Whaoila!

From space, the planet is blue.
From space, the planet is the territory
not of humans, but of the whale.

7″ x 5″ (7″ x 20″ open) quadfold/quadriptych greeting card/artist’s book, laser printed on Cougar 100 lb cover (FSC Certified). Side A features reproductions of four hand made collages celebrating whales, side B includes excerpts from Whale Nation, by Heathcote Williams. Signed and numbered limited edition of 33.

$20 via Etsy

Typically, my aim as a collagist is to compose entertaining surrealistic single-frame dramas. Whaoila! is not that. These four collages are the result of a self-imposed challenge to create a suite of visually connected collages with abstract shapes and color, connected to each other with continuous lines of common elements. Each lacking a focal point, they became backgrounds for whales carefully cut out for some unknown purpose six months earlier while on a motorcycling adventure with Team Zissou.

Often collages are reproduced as prints or greeting cards to generate some measly income to support the creative enterprise. (Hardly works.) When it came time to think about publishing greeting cards with these images, printing four individual cards of such similarity felt like a bad investment. Because they were created together, as one piece, the littlest amount of thought resolved that they should be presented to whatever audience they reach as the quadriptych that they are. Printing four images created a lot of blank panels, and generated thoughts that tied multi-panel greeting cards to accordion-folded artist’s books. This led to the search for an appropriate text to complement the collages.

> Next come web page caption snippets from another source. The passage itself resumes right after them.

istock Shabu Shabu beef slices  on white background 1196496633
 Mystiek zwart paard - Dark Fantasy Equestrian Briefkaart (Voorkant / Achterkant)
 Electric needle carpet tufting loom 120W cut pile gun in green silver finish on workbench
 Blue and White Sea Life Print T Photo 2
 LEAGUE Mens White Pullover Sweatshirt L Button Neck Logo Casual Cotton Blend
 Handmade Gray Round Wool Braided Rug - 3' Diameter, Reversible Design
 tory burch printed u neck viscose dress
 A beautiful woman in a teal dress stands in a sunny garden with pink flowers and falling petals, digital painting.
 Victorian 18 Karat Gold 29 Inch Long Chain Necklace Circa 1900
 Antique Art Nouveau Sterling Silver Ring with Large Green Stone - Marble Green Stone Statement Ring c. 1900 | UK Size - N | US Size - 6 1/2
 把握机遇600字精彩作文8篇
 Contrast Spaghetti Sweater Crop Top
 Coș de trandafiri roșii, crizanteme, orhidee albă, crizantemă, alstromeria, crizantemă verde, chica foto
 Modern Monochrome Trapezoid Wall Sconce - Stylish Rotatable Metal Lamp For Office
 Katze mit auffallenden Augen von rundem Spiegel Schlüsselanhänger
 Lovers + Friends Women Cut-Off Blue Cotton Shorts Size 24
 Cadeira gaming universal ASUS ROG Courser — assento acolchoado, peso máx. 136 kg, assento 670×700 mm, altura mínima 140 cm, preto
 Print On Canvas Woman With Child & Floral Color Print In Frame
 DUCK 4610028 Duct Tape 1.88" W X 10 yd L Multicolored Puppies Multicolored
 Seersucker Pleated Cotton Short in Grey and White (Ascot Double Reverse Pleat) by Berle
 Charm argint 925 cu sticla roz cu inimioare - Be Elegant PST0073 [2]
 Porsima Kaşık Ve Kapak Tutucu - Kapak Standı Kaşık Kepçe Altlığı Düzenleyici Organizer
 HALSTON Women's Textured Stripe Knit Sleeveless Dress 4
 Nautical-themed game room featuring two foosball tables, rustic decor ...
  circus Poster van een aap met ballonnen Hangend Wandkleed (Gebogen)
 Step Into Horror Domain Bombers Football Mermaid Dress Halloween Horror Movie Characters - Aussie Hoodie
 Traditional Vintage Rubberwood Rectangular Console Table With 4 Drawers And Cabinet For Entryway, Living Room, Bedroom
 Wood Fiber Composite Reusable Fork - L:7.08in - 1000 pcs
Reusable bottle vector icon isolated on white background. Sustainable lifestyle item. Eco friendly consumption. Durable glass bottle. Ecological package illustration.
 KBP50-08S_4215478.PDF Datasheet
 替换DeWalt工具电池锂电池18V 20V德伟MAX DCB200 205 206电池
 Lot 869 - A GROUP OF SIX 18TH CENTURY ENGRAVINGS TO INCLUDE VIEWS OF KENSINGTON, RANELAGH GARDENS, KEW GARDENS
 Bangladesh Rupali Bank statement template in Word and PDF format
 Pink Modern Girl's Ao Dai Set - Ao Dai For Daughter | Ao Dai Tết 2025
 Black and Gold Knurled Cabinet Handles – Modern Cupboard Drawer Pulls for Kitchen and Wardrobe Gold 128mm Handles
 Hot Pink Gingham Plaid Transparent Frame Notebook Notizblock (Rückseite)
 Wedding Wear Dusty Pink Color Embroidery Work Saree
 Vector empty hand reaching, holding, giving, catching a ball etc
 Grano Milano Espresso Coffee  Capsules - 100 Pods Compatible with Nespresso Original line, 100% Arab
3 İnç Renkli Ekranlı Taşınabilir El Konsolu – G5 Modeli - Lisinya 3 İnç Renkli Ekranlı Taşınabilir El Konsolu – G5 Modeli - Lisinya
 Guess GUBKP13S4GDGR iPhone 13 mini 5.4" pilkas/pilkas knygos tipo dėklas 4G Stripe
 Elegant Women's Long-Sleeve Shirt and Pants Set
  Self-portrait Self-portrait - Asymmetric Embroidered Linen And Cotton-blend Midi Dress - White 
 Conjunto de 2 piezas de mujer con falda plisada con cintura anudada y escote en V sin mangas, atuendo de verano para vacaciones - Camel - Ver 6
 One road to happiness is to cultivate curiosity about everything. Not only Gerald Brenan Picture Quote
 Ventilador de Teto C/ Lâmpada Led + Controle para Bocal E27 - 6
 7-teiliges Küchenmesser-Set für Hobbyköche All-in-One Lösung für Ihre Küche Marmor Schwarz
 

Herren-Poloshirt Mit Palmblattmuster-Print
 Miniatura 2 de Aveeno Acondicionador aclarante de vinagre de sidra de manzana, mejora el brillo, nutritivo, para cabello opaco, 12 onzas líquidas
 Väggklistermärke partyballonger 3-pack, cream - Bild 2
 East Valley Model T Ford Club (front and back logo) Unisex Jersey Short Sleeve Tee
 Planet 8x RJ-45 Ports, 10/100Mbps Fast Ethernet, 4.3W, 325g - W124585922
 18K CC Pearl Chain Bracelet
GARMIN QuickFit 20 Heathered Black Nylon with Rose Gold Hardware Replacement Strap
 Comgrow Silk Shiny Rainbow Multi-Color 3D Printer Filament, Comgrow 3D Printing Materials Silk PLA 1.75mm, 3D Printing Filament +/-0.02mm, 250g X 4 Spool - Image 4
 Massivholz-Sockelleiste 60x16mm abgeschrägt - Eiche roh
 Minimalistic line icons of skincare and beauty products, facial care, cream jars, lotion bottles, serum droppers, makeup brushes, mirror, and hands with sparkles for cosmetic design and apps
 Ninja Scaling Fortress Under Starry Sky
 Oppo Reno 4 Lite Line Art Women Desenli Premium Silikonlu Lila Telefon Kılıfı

Previously unknown to me, Heathcote Williams wrote and epic poem titled Whale Nation, published in 1988, which felt like a very good fit.

This new way of presenting my collages to their audience ties together, for the first time, the semi-futile commercial art business of publishing greeting cards with the fine art practice of creating artist’s books, as this new publication is not only a card, but also an accordion-fold book, and is catalogued as such in the growing inventory of things created for which there is slight demand.